### Data in this exercise
***

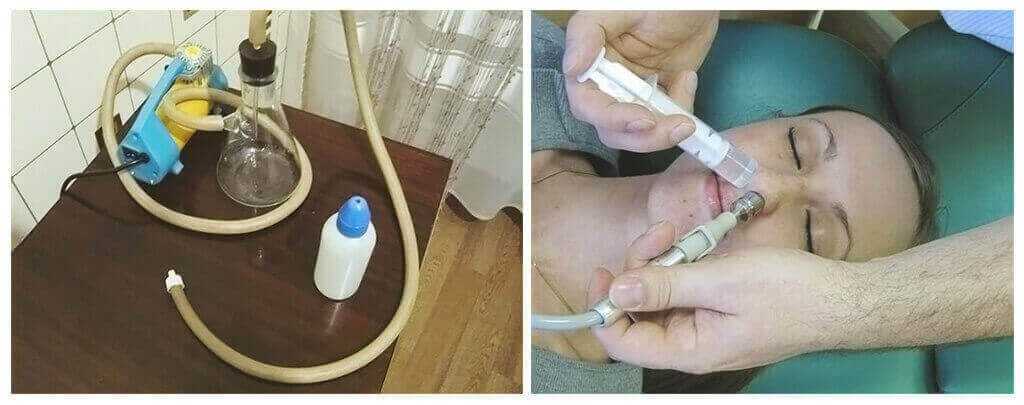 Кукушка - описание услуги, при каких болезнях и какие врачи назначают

***

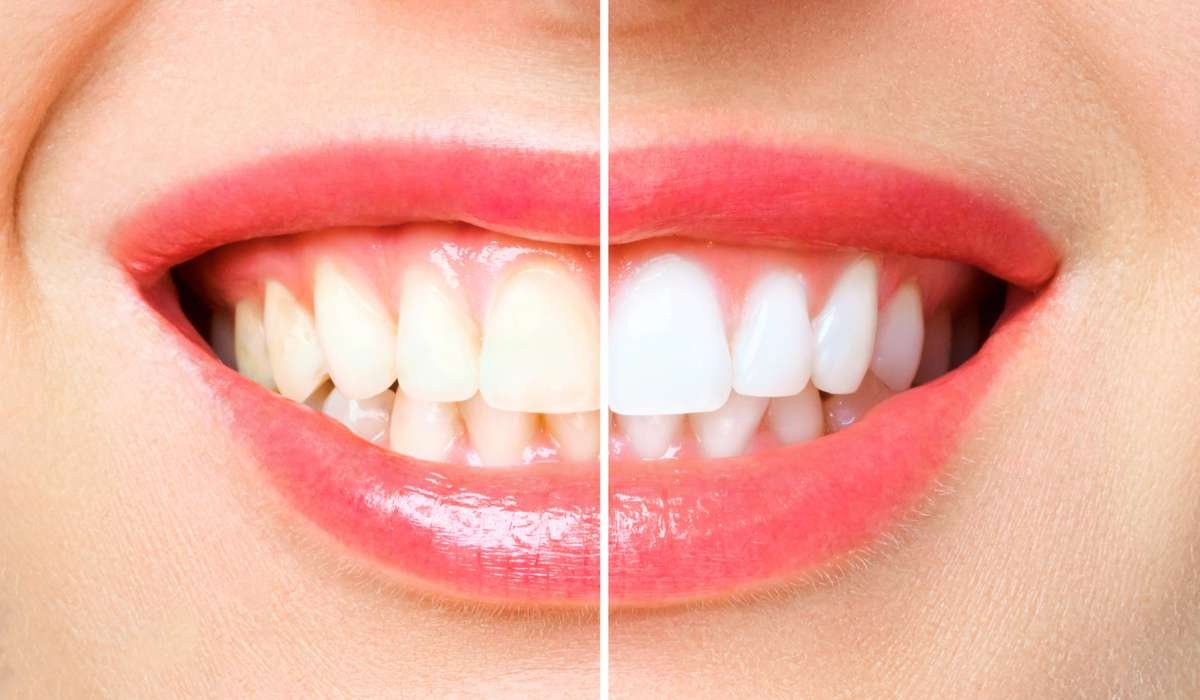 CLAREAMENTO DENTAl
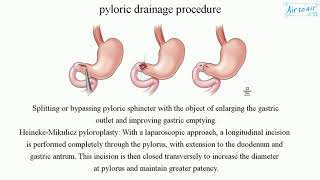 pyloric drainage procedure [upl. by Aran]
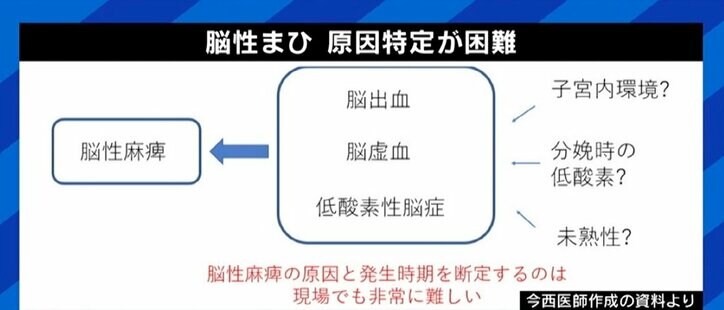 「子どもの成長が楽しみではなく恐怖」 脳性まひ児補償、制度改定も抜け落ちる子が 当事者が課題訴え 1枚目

***

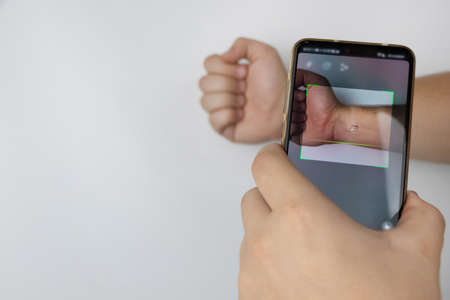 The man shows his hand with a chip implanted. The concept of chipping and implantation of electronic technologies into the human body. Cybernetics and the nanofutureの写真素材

***

Please transcribe exactly the part of the records that opens with the line containing "pyloric drainage procedure [upl. by Aran]" and closes with the line containing "脳性まひ児補償、制度改定も抜け落ちる子が 当事者が課題訴え 1枚目", both ends included, and leave out the pictures.

 pyloric drainage procedure [upl. by Aran]
 「子どもの成長が楽しみではなく恐怖」 脳性まひ児補償、制度改定も抜け落ちる子が 当事者が課題訴え 1枚目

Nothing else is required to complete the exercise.